• _SOURCE DATA_
..............................

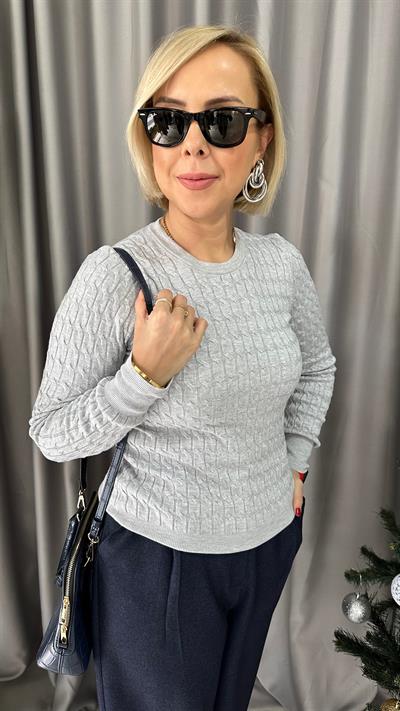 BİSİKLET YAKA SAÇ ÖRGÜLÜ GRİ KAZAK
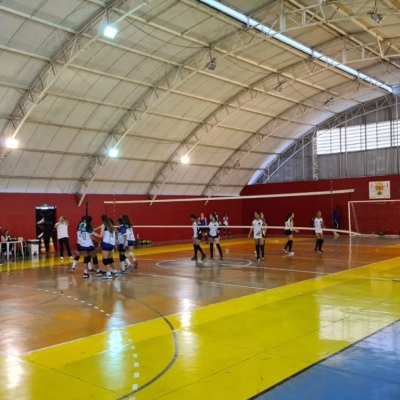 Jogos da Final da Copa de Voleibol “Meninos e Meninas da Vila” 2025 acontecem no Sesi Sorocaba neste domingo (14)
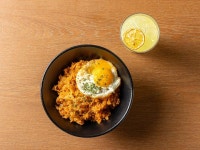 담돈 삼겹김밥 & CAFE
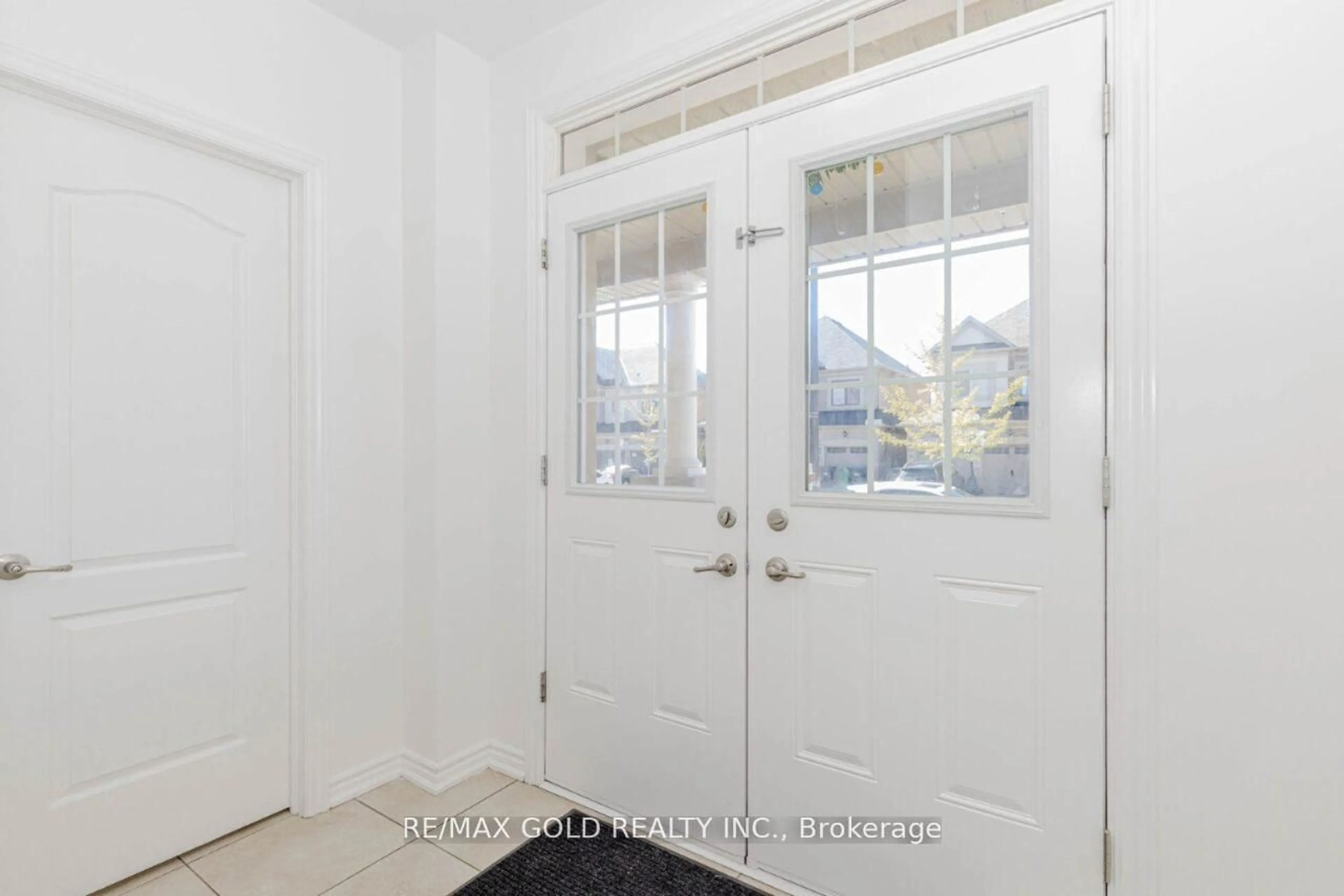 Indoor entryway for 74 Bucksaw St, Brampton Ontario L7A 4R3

..............................

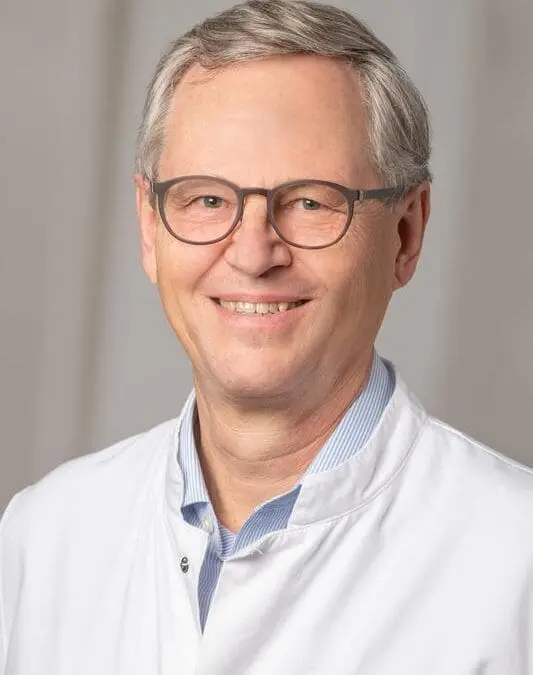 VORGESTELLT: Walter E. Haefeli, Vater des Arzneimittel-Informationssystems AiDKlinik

..............................

Your reply is to be an exact repeat of the listing above from the line holding "BİSİKLET YAKA SAÇ ÖRGÜLÜ GRİ KAZAK" down to the line holding "Indoor entryway for", ends included, pictures excluded.

• _ANSWER FOR THIS EXERCISE_
 BİSİKLET YAKA SAÇ ÖRGÜLÜ GRİ KAZAK
 Jogos da Final da Copa de Voleibol “Meninos e Meninas da Vila” 2025 acontecem no Sesi Sorocaba neste domingo (14)
 담돈 삼겹김밥 & CAFE
 Indoor entryway for 74 Bucksaw St, Brampton Ontario L7A 4R3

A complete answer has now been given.